→ **Data to use**

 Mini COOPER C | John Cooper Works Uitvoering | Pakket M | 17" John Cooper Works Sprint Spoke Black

* * *

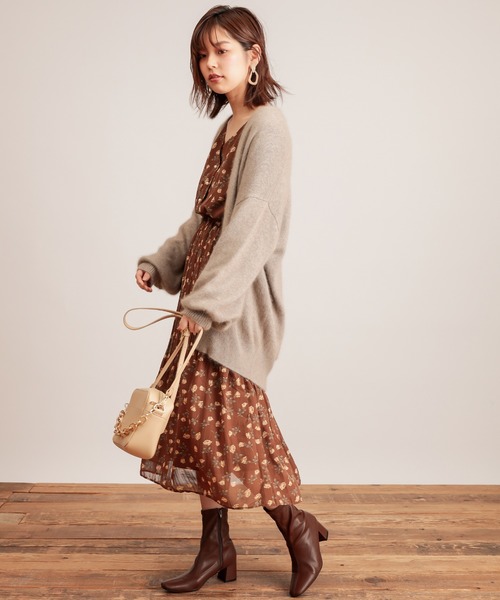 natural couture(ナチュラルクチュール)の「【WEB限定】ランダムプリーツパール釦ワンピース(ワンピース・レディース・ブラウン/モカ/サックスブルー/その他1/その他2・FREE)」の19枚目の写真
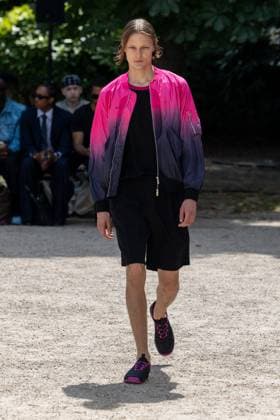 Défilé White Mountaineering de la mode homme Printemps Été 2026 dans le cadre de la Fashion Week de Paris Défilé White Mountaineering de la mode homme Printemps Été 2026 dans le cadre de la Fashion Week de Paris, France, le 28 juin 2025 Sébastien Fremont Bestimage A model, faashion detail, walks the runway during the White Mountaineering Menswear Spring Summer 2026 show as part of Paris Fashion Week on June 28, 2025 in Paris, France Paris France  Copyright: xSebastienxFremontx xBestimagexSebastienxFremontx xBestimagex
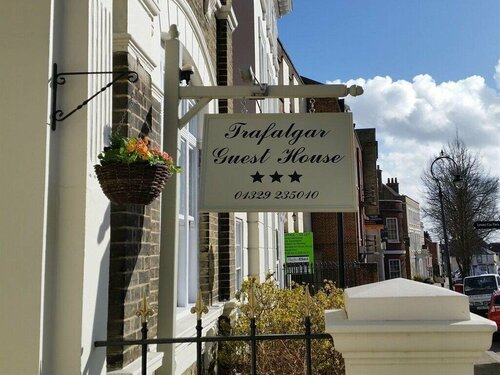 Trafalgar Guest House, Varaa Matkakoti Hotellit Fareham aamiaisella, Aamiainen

→ **Exercise**
Would you copy the lines above exactly, starting with the one that has "xSebastienxFremontx xBestimagexSebastienxFremontx xBestimagex" and ending with the one that has "Trafalgar Guest House, Varaa", both included, without the pictures?

→ **Task result**
 Défilé White Mountaineering de la mode homme Printemps Été 2026 dans le cadre de la Fashion Week de Paris Défilé White Mountaineering de la mode homme Printemps Été 2026 dans le cadre de la Fashion Week de Paris, France, le 28 juin 2025 Sébastien Fremont Bestimage A model, faashion detail, walks the runway during the White Mountaineering Menswear Spring Summer 2026 show as part of Paris Fashion Week on June 28, 2025 in Paris, France Paris France  Copyright: xSebastienxFremontx xBestimagexSebastienxFremontx xBestimagex
 Trafalgar Guest House, Varaa Matkakoti Hotellit Fareham aamiaisella, Aamiainen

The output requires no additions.